ASSIGNMENT >> Starting with the line in which "Mercedes-Benz A Class 180 D Amg Line 13" appears, give back every line exactly as written until the listing ends, excluding pictures.

=== SUPPLIED MATERIAL ===

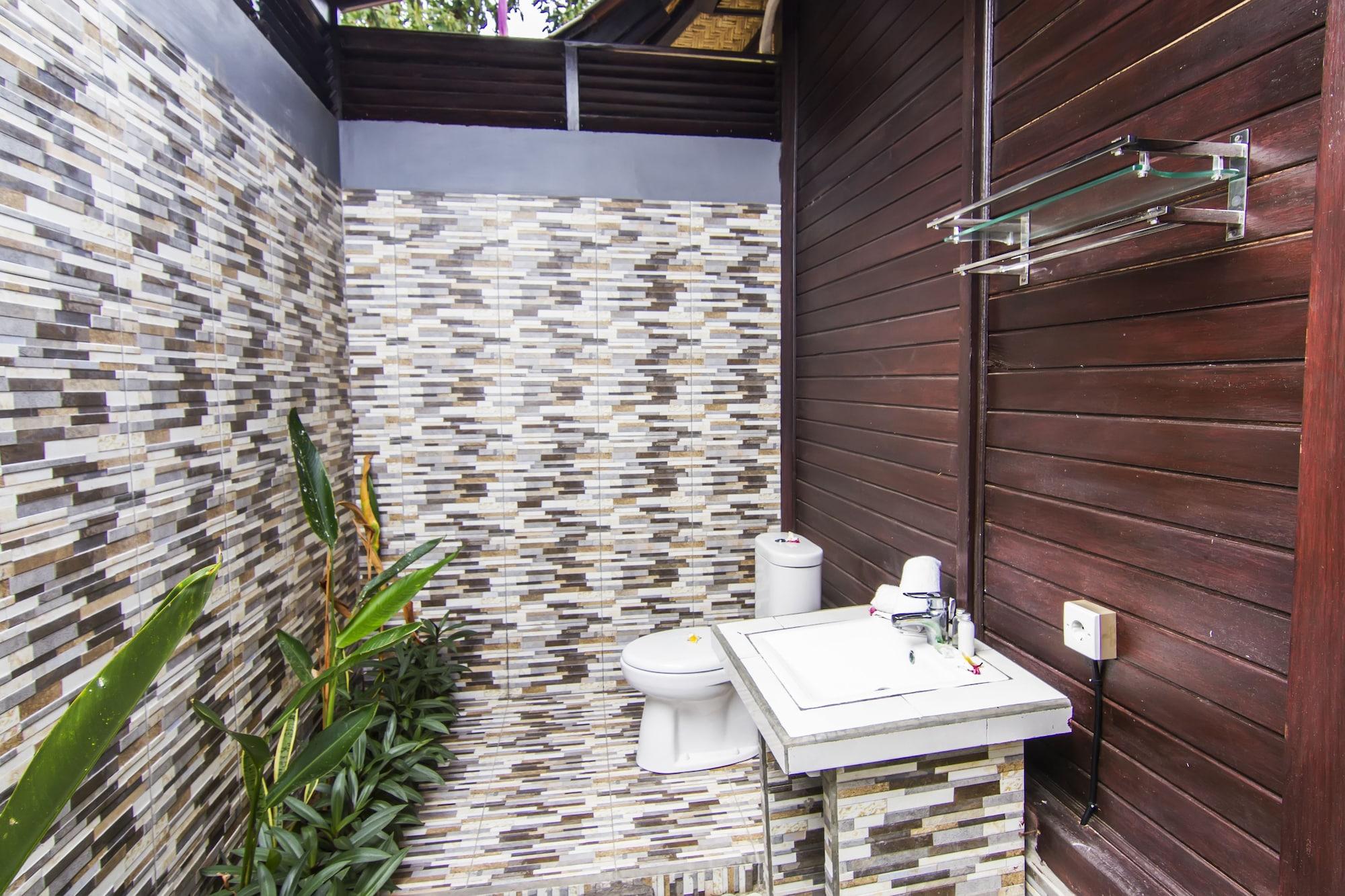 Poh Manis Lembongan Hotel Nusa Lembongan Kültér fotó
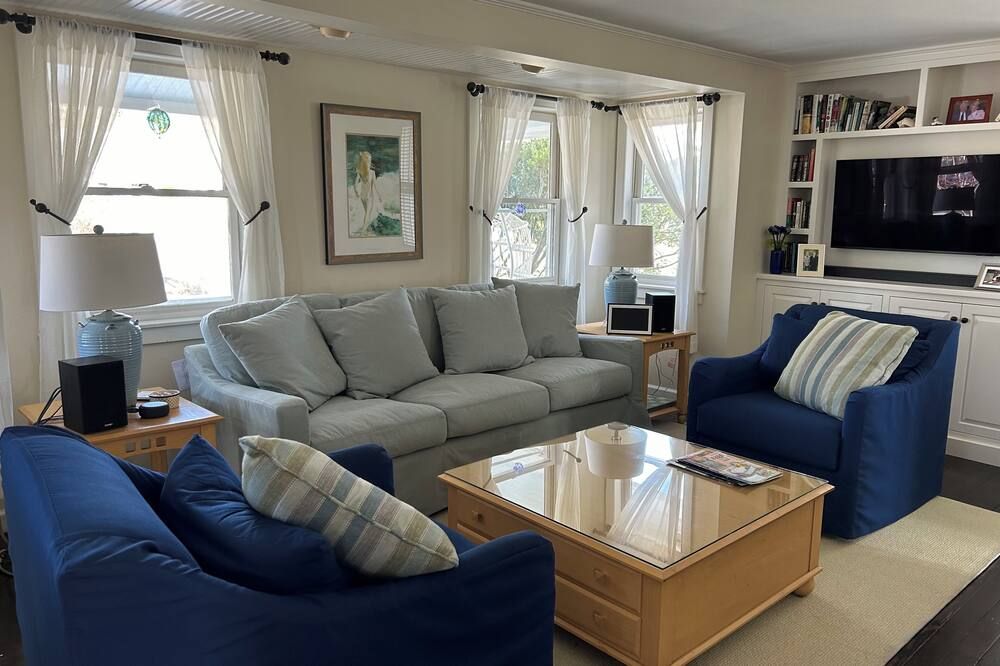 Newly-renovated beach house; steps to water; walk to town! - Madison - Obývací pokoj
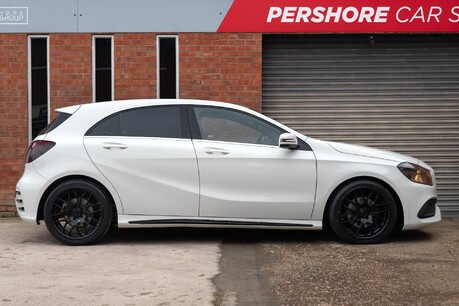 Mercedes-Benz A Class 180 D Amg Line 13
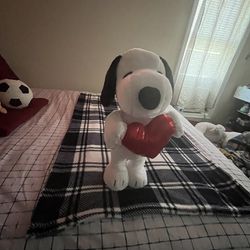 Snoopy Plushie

===

EXERCISE OUTPUT >>
 Mercedes-Benz A Class 180 D Amg Line 13
 Snoopy Plushie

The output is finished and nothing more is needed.